- [Supplied material]
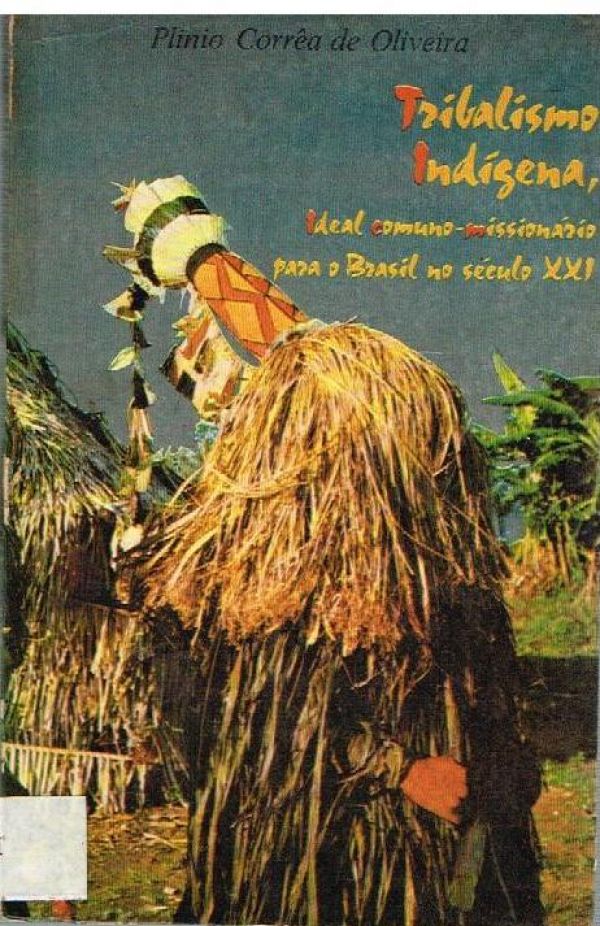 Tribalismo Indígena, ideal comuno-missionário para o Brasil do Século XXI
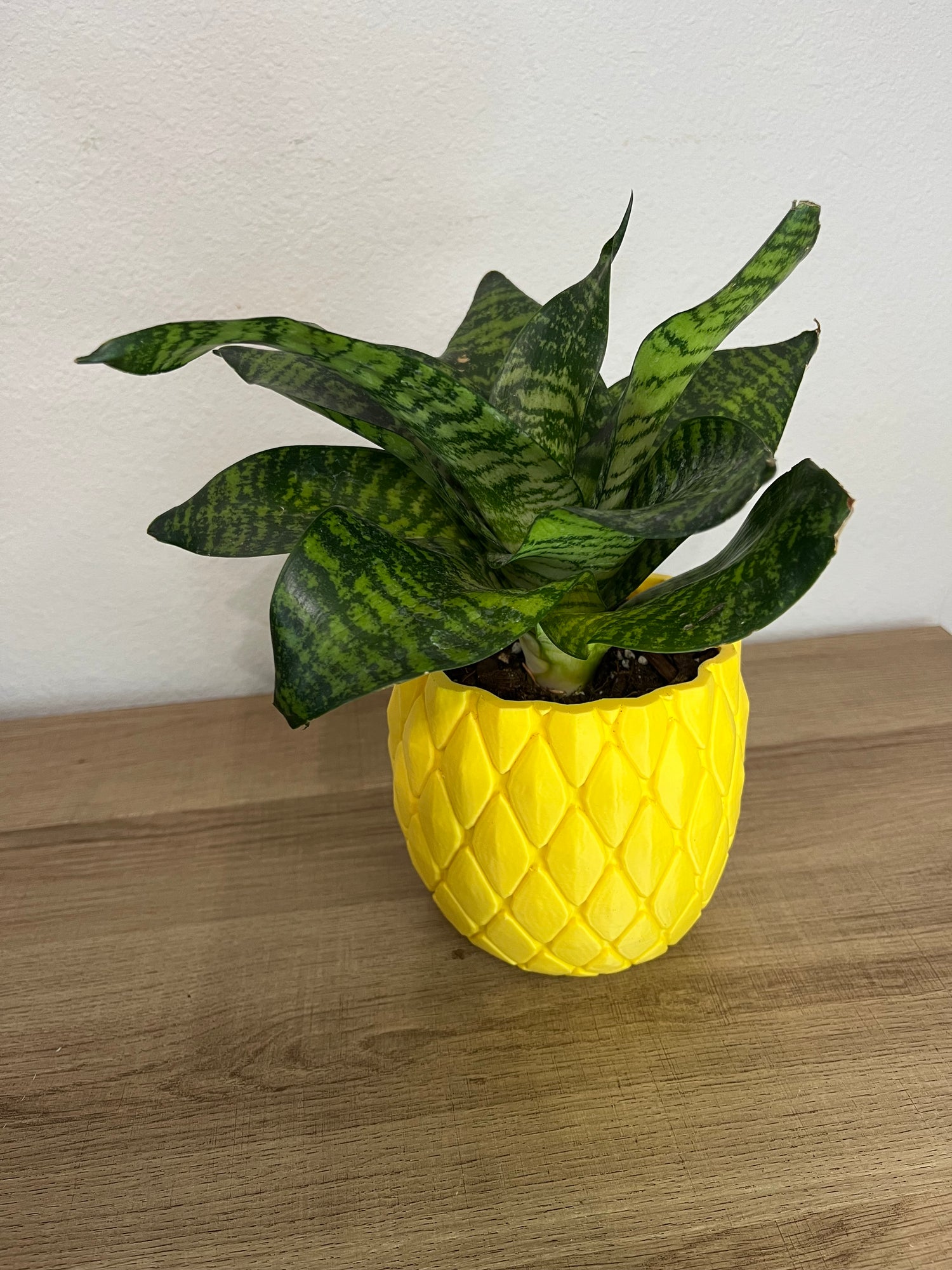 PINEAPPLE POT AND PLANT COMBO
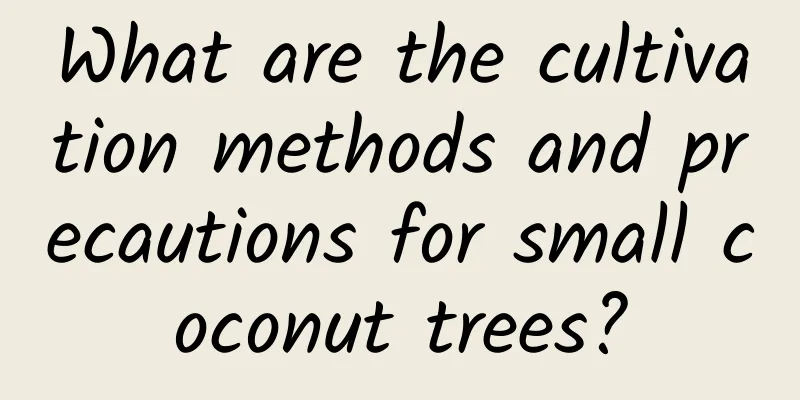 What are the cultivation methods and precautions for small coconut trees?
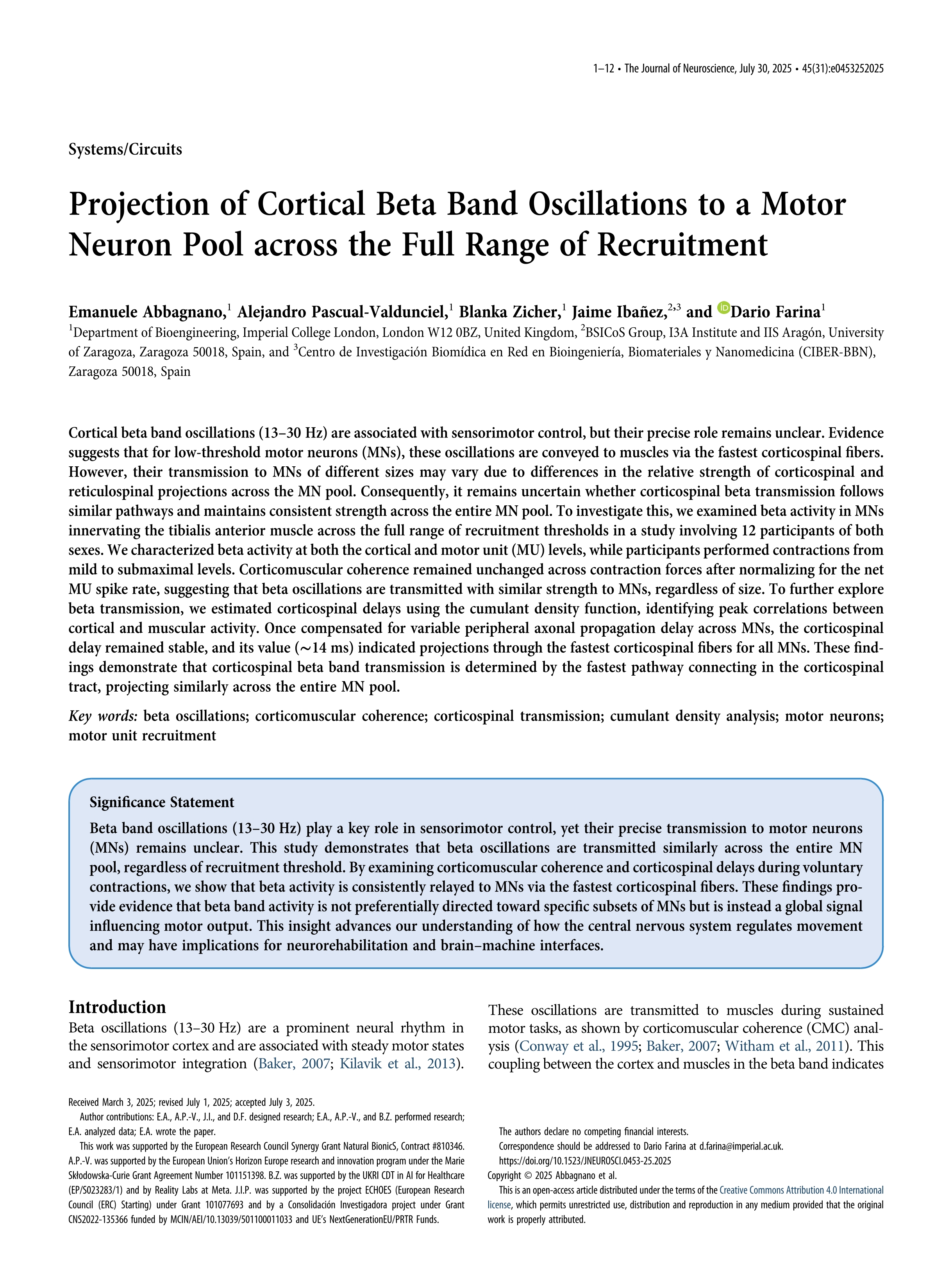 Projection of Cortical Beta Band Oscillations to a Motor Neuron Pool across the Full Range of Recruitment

- [Assignment] Line by line, write out the data above exactly, without the pictures.

- [Problem solution]
 Tribalismo Indígena, ideal comuno-missionário para o Brasil do Século XXI
 PINEAPPLE POT AND PLANT COMBO
 What are the cultivation methods and precautions for small coconut trees?
 Projection of Cortical Beta Band Oscillations to a Motor Neuron Pool across the Full Range of Recruitment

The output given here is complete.